_How to complete this task_. From the records below, copy every line that contains the word "Crystal".

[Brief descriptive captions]
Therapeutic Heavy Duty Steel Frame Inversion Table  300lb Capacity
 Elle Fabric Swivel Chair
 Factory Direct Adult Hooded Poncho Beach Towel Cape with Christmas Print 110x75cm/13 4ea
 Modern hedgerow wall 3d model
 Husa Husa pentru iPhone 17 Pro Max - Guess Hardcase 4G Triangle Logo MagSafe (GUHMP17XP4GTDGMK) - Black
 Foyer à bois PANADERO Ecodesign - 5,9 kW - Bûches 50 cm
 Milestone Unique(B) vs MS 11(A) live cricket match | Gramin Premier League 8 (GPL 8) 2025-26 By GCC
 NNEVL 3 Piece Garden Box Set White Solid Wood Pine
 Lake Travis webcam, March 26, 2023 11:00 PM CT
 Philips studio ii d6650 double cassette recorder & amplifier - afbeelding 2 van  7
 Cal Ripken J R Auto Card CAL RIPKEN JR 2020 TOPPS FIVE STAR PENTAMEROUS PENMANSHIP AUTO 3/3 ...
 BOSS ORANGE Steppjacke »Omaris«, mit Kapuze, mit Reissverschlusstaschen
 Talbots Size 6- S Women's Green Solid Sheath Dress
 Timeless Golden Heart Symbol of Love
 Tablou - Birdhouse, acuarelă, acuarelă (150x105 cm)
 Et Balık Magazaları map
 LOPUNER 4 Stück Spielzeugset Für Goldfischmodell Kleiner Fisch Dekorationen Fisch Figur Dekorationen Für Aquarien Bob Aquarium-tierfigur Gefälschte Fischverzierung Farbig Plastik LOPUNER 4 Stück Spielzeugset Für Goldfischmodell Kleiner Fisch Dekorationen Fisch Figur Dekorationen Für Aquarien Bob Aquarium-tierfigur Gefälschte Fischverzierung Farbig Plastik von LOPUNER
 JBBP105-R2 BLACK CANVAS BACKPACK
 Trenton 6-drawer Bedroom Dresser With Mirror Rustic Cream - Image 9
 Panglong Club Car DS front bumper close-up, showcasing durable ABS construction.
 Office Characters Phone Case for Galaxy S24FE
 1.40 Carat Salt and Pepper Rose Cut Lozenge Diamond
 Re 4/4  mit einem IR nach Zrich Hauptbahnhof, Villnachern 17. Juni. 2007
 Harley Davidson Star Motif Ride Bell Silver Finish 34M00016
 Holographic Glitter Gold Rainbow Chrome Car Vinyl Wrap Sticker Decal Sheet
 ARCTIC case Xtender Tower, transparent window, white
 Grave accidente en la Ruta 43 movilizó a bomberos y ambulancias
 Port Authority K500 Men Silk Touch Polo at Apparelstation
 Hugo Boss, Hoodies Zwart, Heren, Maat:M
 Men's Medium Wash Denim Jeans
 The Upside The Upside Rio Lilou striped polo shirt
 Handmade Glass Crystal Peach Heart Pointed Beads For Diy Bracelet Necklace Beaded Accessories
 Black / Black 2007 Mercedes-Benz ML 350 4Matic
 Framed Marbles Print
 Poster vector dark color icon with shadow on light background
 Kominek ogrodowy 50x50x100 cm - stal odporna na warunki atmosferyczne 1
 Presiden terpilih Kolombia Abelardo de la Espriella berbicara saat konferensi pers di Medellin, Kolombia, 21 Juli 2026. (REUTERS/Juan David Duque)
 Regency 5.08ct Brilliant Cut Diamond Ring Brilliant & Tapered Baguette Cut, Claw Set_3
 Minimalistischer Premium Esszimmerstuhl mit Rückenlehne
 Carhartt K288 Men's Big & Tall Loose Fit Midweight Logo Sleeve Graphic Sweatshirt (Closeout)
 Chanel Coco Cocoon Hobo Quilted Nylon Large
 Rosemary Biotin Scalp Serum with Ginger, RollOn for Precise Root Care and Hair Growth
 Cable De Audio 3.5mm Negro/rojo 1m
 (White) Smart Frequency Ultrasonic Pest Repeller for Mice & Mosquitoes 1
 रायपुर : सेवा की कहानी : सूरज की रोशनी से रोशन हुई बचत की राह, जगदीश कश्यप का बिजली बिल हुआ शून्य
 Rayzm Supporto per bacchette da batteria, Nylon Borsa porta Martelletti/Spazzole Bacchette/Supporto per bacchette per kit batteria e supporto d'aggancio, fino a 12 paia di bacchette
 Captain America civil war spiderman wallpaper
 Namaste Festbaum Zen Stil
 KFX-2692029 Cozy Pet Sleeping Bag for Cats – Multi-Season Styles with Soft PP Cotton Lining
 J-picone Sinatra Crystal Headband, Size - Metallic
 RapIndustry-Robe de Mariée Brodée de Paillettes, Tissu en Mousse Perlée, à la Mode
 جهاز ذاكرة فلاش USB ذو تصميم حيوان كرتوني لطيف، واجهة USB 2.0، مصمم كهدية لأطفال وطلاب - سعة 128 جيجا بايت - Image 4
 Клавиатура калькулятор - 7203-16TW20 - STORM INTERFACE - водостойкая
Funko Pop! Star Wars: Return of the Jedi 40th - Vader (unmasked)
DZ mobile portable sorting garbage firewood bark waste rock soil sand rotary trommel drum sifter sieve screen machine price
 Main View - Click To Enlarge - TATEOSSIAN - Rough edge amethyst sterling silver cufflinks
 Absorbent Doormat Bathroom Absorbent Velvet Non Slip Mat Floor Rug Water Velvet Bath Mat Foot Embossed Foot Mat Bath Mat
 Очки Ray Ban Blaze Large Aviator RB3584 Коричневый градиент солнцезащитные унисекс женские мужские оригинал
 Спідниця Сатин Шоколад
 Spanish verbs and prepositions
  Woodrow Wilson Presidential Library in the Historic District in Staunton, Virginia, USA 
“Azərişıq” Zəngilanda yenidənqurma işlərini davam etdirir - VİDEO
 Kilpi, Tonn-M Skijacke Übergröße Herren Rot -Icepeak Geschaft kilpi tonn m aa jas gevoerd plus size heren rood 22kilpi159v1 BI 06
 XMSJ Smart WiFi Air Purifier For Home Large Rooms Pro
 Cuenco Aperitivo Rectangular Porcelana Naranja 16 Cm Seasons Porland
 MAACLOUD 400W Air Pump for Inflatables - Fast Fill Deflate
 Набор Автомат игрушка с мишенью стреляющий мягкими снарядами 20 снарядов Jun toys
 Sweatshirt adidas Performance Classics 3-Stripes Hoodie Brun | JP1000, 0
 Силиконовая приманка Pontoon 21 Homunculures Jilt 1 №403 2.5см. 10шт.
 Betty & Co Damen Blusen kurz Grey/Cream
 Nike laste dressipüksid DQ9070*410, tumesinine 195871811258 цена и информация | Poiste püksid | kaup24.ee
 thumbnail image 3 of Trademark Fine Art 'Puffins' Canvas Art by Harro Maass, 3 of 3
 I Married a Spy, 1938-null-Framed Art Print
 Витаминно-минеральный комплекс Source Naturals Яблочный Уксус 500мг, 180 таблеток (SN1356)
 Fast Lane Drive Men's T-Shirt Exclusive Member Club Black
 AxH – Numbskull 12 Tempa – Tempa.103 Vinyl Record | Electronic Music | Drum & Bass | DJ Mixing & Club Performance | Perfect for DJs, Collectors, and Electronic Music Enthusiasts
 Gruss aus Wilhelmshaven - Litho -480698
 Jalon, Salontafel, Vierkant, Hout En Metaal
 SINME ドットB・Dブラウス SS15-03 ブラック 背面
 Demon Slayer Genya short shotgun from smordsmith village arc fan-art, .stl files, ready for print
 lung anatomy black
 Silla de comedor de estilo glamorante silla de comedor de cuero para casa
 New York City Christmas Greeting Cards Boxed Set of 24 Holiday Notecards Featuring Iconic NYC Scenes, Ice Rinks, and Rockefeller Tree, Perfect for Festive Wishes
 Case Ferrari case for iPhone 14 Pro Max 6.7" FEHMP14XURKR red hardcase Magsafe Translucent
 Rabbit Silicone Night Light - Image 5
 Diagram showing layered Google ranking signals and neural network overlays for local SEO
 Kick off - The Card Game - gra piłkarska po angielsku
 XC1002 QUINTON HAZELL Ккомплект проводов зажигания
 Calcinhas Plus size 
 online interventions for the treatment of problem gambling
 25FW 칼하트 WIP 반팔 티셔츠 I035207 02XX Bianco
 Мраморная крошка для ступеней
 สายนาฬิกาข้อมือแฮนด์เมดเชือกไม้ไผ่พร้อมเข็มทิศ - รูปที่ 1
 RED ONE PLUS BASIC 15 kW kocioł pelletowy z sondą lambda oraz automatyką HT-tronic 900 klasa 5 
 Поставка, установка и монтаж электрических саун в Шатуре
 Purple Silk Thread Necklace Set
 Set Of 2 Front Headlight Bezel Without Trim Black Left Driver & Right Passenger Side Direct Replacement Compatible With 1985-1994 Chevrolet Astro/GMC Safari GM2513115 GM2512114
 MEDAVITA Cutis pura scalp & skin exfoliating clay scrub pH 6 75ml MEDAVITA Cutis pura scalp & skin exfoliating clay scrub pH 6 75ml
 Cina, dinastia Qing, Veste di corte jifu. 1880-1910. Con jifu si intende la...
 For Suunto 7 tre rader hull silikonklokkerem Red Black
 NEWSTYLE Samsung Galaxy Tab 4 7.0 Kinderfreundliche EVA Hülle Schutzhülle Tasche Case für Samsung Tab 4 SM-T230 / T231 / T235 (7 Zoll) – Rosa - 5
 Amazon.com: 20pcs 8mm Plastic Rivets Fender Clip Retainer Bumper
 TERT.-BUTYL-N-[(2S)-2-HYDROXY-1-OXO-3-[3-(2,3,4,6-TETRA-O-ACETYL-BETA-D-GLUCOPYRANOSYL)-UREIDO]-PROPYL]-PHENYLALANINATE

_Expected answer_.
 Handmade Glass Crystal Peach Heart Pointed Beads For Diy Bracelet Necklace Beaded Accessories
 J-picone Sinatra Crystal Headband, Size - Metallic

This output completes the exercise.